- Supplied records
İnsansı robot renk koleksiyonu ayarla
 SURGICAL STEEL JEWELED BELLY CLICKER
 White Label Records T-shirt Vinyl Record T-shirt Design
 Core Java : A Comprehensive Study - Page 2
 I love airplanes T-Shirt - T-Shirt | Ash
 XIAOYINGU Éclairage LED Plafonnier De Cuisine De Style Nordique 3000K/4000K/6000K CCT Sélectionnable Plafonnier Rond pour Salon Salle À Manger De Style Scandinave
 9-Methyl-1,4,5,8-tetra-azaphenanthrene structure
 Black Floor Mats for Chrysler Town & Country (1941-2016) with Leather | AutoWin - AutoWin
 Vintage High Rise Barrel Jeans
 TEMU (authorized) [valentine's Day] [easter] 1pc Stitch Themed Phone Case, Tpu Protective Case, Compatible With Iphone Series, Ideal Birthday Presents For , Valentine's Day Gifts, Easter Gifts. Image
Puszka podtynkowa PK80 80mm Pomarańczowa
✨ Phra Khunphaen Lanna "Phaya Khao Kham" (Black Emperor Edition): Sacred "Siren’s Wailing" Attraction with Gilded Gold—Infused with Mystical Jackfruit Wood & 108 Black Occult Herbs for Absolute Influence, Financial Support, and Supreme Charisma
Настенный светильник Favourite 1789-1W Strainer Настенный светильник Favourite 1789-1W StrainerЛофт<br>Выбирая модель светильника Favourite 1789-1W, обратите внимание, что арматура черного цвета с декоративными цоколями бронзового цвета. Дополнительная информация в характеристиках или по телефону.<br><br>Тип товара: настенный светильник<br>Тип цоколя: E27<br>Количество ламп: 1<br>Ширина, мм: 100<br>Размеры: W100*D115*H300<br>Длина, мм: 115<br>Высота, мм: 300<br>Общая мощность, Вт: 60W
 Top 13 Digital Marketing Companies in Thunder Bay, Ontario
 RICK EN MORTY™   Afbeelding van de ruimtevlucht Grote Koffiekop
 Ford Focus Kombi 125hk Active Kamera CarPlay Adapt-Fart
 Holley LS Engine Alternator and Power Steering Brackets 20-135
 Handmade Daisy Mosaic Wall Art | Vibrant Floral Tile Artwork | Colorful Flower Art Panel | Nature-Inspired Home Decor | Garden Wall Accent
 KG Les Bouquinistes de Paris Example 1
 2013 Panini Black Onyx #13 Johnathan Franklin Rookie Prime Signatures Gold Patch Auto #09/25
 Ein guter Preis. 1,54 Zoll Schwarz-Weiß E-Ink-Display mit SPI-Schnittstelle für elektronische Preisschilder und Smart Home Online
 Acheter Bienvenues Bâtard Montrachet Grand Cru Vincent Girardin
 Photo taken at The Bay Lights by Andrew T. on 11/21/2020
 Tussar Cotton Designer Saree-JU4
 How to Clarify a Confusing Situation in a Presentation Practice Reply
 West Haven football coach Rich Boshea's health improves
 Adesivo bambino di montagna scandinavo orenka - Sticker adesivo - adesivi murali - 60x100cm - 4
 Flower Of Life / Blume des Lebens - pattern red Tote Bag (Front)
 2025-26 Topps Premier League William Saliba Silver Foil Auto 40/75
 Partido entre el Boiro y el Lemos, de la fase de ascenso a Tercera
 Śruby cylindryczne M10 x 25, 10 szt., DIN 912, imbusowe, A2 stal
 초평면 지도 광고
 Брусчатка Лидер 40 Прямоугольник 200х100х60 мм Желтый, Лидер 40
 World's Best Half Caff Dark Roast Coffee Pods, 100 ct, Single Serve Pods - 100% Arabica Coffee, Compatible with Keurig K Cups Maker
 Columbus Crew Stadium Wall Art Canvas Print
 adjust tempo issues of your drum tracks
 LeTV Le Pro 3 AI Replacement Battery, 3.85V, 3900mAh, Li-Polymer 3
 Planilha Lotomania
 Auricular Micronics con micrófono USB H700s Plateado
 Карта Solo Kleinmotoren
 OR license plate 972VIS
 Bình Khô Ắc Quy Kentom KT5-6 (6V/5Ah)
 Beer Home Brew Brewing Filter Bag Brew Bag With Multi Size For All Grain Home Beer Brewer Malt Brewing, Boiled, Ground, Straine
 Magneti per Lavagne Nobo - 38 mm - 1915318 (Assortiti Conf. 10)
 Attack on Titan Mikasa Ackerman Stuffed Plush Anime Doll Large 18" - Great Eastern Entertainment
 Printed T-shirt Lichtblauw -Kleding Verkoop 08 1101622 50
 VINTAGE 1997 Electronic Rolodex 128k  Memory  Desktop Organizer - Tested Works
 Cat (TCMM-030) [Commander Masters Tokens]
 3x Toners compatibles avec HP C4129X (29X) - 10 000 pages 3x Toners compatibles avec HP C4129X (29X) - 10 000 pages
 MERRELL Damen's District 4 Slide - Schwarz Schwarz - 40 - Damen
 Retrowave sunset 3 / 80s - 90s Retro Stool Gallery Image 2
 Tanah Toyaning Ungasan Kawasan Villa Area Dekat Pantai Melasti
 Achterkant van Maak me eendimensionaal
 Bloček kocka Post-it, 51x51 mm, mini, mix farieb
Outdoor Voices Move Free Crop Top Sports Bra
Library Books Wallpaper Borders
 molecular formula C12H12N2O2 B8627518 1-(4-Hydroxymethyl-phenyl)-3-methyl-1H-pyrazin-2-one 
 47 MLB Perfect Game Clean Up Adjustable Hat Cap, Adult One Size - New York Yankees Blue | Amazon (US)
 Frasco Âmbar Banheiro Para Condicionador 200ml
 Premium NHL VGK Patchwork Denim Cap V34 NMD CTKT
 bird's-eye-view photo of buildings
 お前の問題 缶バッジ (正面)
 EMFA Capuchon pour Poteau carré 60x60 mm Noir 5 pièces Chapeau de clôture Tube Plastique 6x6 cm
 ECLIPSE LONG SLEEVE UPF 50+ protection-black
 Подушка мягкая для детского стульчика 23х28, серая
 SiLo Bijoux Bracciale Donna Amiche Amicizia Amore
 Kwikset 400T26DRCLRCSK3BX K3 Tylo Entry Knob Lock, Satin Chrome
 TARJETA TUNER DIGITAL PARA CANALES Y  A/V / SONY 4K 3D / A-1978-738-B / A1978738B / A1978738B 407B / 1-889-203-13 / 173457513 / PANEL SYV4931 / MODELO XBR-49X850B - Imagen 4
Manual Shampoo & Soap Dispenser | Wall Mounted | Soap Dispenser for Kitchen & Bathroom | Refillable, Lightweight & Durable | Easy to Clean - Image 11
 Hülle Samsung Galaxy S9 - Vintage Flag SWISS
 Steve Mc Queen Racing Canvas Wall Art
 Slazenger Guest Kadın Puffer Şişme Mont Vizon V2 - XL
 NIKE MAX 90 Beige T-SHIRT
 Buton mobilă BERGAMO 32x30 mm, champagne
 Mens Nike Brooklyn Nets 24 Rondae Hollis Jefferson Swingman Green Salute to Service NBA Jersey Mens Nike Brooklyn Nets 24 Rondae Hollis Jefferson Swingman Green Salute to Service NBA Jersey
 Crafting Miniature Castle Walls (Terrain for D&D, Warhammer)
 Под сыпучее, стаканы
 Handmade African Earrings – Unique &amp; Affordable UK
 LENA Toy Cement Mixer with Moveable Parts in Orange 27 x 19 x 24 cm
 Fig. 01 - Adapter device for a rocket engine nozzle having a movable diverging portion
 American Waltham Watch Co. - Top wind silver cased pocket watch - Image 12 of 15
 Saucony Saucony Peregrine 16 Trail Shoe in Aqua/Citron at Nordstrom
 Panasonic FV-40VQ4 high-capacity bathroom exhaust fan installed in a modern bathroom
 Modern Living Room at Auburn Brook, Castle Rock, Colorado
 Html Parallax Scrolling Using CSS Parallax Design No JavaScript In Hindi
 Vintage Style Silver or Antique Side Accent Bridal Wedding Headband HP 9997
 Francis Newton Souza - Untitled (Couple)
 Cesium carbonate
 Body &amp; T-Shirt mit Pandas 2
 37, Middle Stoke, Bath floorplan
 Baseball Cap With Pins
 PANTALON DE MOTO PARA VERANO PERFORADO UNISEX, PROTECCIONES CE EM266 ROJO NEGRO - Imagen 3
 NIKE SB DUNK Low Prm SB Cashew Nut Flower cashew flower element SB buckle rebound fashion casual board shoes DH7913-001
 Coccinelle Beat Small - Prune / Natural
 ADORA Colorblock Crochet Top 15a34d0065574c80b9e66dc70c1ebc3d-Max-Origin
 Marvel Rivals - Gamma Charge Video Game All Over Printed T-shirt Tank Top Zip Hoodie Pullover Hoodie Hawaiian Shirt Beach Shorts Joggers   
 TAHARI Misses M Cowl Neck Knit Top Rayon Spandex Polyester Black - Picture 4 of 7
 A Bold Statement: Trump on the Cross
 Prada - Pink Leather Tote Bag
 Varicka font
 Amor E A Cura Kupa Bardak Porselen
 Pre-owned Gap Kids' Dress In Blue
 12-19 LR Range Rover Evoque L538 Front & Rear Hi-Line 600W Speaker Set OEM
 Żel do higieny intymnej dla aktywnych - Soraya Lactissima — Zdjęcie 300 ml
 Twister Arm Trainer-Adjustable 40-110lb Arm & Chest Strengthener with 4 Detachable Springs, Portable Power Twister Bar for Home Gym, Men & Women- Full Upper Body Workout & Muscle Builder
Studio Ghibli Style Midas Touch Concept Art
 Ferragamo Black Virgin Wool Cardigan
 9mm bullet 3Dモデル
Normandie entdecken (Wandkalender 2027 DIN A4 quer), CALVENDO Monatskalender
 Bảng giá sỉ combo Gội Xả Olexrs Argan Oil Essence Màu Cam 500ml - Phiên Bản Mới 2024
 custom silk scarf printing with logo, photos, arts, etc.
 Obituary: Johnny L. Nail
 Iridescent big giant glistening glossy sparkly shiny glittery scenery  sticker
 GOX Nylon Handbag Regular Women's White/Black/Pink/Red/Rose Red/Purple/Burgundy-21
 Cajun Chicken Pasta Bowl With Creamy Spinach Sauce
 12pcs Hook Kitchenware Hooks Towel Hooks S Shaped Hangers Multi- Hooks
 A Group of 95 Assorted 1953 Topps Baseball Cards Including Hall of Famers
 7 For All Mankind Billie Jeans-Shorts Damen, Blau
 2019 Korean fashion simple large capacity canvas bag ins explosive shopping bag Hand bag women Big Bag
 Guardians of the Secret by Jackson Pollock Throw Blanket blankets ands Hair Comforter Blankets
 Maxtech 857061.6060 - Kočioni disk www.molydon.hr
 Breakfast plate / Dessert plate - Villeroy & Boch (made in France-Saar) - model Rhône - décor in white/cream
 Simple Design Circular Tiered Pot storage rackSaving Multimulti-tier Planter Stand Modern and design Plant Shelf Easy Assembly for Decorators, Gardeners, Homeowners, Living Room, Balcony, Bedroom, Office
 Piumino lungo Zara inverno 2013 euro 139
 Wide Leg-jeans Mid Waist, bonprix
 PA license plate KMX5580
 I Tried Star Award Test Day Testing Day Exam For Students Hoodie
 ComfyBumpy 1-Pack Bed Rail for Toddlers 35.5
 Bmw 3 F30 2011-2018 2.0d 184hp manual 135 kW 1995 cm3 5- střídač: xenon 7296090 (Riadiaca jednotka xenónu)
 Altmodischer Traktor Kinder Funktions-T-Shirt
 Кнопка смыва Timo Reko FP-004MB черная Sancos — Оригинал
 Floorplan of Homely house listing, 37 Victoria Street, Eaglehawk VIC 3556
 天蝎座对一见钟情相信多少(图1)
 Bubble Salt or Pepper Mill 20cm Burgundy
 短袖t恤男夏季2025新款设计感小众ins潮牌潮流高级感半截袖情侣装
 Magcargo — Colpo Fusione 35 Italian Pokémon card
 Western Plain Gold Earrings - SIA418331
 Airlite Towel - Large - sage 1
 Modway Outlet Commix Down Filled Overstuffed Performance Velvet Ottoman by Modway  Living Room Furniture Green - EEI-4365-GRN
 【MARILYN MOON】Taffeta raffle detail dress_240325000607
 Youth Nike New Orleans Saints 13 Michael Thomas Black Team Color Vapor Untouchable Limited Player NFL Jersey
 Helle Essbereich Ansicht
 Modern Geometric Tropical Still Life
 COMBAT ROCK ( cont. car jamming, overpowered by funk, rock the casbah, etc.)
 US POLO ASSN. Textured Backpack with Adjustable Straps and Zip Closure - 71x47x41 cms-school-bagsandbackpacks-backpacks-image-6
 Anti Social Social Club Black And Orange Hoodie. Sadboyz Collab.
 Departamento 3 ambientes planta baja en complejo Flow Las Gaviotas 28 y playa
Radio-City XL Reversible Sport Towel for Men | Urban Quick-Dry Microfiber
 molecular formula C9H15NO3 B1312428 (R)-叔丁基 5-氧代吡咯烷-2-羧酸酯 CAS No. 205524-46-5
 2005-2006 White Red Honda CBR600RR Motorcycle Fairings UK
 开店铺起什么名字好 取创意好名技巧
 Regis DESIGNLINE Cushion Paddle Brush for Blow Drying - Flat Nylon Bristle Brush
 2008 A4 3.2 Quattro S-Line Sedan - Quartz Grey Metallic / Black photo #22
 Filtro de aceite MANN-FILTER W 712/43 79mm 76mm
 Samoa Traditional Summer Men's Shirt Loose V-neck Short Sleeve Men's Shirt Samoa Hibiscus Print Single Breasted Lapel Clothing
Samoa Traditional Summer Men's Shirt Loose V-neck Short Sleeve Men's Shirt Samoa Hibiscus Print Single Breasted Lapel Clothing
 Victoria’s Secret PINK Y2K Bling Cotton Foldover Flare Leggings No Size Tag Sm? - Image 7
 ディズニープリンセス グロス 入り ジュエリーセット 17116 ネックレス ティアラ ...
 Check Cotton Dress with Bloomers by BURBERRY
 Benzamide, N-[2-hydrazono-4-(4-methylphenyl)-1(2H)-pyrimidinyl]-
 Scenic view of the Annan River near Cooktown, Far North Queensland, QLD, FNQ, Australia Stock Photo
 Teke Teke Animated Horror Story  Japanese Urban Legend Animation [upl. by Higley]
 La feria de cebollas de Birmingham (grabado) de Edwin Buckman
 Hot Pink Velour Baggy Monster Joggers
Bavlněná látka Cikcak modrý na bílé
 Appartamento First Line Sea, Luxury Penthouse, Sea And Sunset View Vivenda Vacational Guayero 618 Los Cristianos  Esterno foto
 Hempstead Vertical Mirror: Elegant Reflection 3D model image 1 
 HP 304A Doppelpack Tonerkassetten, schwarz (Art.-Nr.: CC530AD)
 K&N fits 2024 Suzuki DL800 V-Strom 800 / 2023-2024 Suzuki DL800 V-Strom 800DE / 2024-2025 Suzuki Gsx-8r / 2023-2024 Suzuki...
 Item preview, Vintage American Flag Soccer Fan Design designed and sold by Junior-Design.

- Task brief
Reproduce the records above exactly, from the first line through the line containing "9-Methyl-1,4,5,8-tetra-azaphenanthrene structure", and output nothing else.

- Response for this exercise
İnsansı robot renk koleksiyonu ayarla
 SURGICAL STEEL JEWELED BELLY CLICKER
 White Label Records T-shirt Vinyl Record T-shirt Design
 Core Java : A Comprehensive Study - Page 2
 I love airplanes T-Shirt - T-Shirt | Ash
 XIAOYINGU Éclairage LED Plafonnier De Cuisine De Style Nordique 3000K/4000K/6000K CCT Sélectionnable Plafonnier Rond pour Salon Salle À Manger De Style Scandinave
 9-Methyl-1,4,5,8-tetra-azaphenanthrene structure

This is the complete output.